Carla La Tella
Caring

"It's a miracle": Aussie hospital rolls out cancer treatment

Two years ago, Tony Jiang was told he had advanced, terminal lung cancer. Today, he is fighting fit thanks to a new treatment requiring the pop of just one pill per day.

"It's a miracle. Sometimes I don't feel like I'm a patient," Jiang said.

He reports that this a dramatic turnaround from the day he was diagnosed. Prior to diagnosis he suffered two months of a persistent cough which eventually landed him in hospital.

"They didn't think about cancer because of my age, I never smoked, I had a pretty much healthy lifestyle."

Doctor Vanessa Chin at St Vincent's Hospital Medical Oncologist said Jiang's right lung was filled with fluid.

"By the time I'd met him he already had a tube inserted into that lung to drain off the fluid and a biopsy had been performed," Chin said.

A tissue biopsy of Jiang's lung was sent off for genetic sequencing.

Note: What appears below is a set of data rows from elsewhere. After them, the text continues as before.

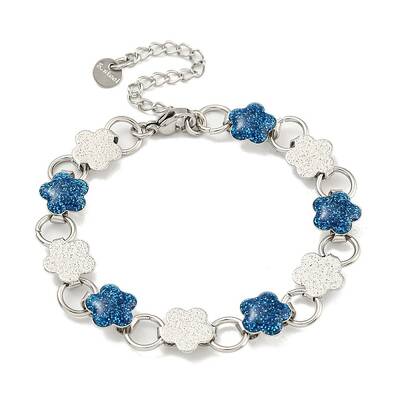 304 Stainless Steel Enamel Flower Link Chain Bracelets with Glitter Powder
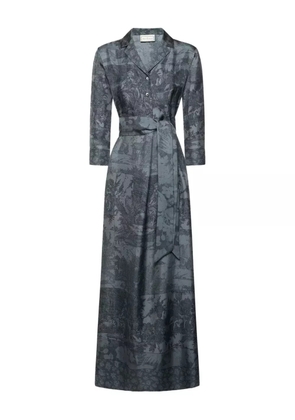 Pierre-Louis Mascia landscape-print belted maxi dress - Blue
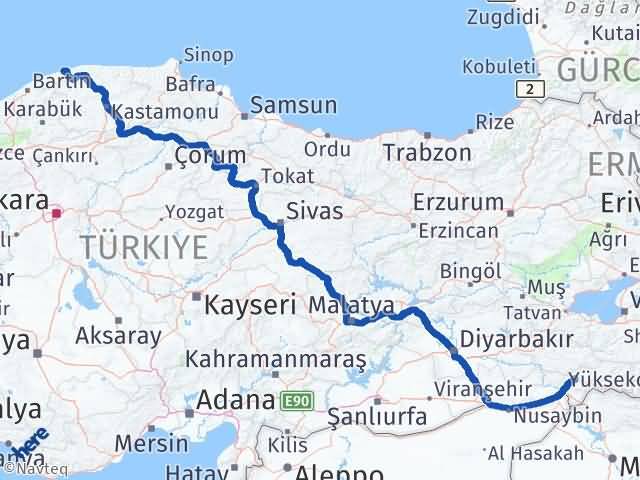 Kastamonu Cide Şırnak Arası Kaç Km - Yol Haritası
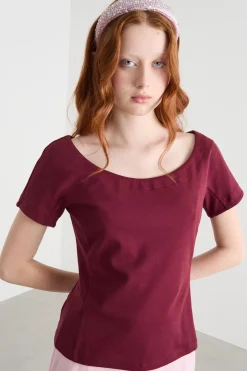 Top con maxi scollo - Bordeaux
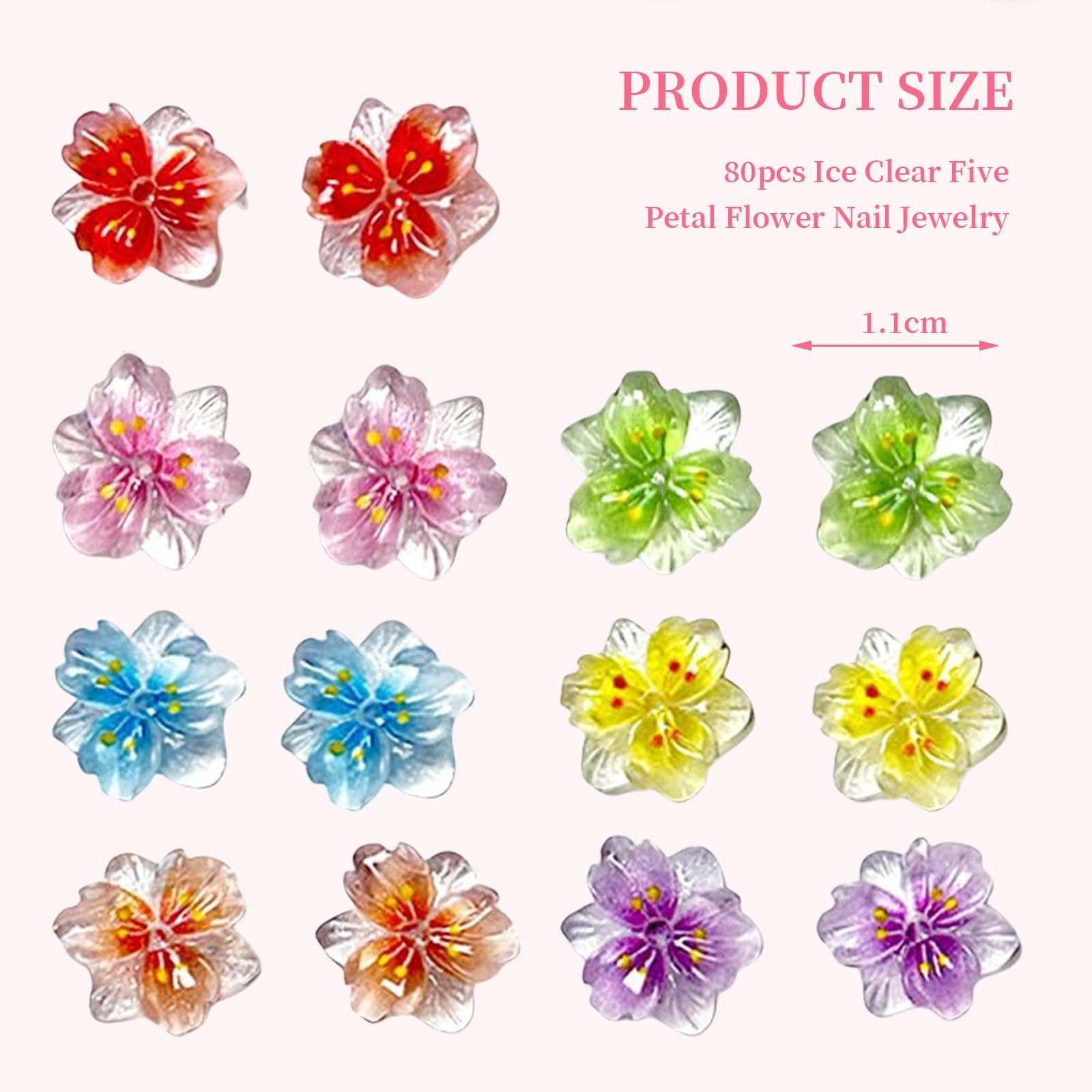 Украшения для ногтей Цветы 3D 80 шт Разноцветные, фото №2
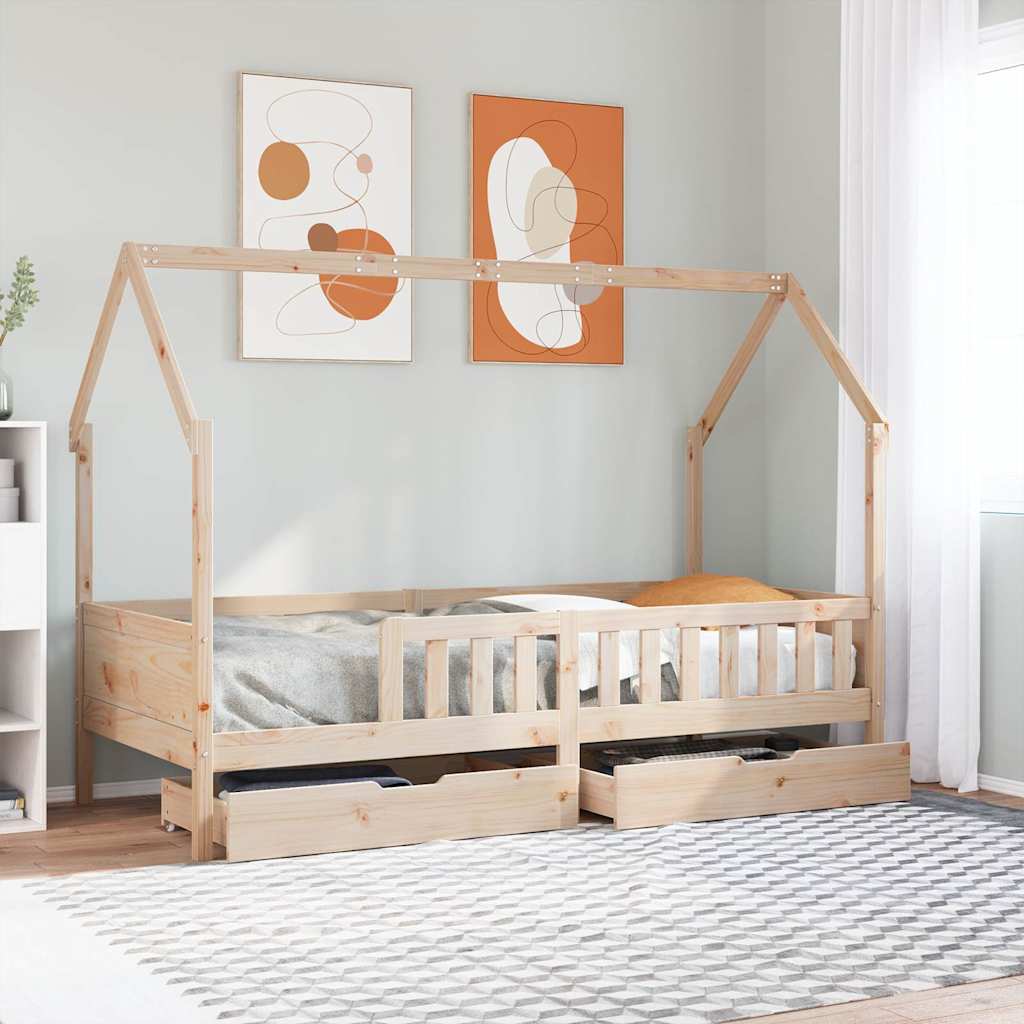 Kids Bed Frame With Drawers Without Mattress Solid Wood
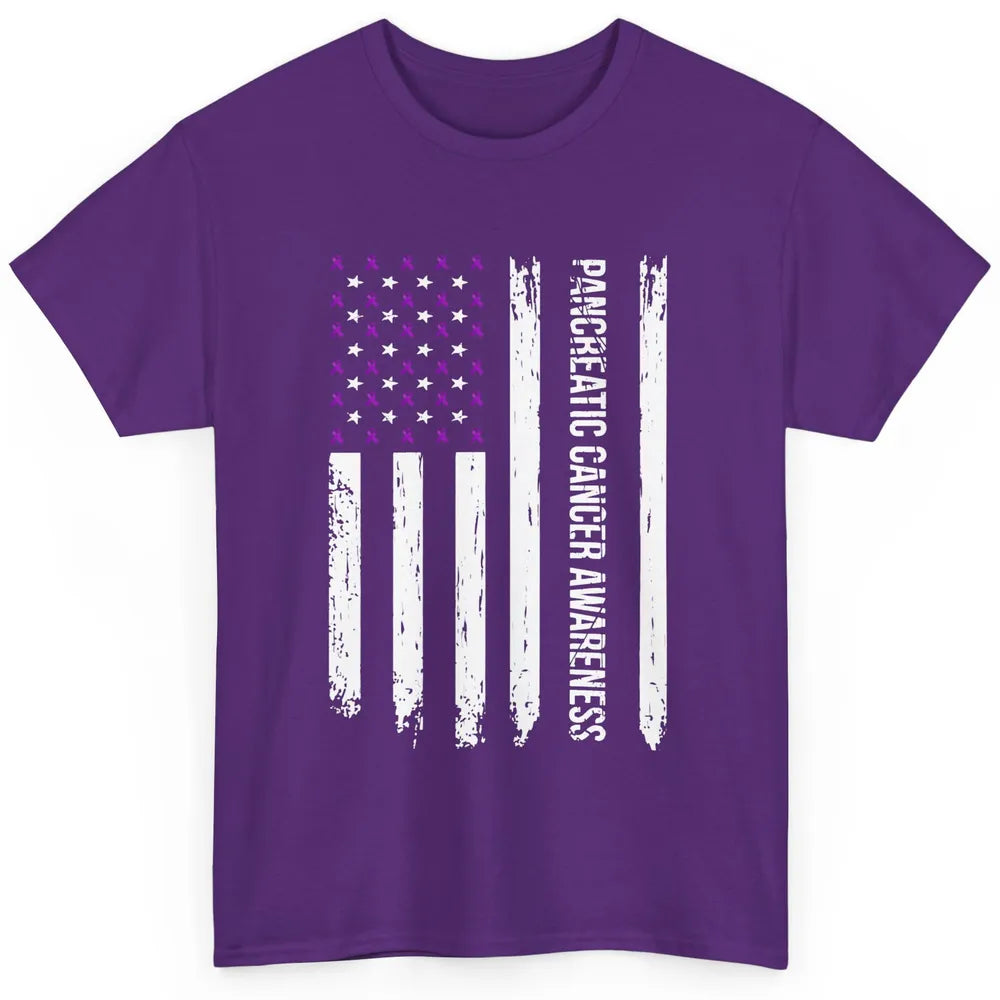 Vintage Pancreatic Cancer Awareness USA Flag Purple Ribbon Classic Unisex T-Shirt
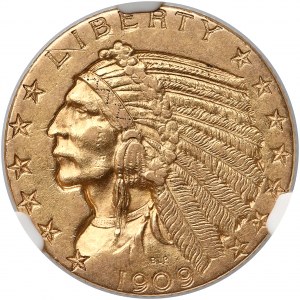 USA, 5 dolarów 1909-D, Denver - Indian Head - NGC AU58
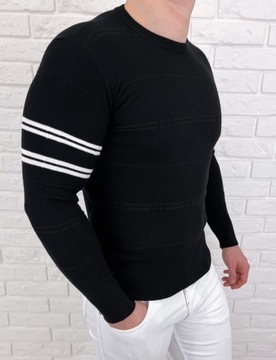 Czarny sweter meski w paski stylovy CHL9010 - XXL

Alterations in his cancer cells meant that he was eligible for a subsidised treatment, and no longer needed chemotherapy or radiation.

"Just taking a tablet, one tablet every day and I'm just back to my normal life," Jiang said.

Jiang's doctor Chin said the tumours on his scans virtually disappeared and that he experienced very few side effects.

"When we do scans it's actually hard to tell that he has anything wrong," she said.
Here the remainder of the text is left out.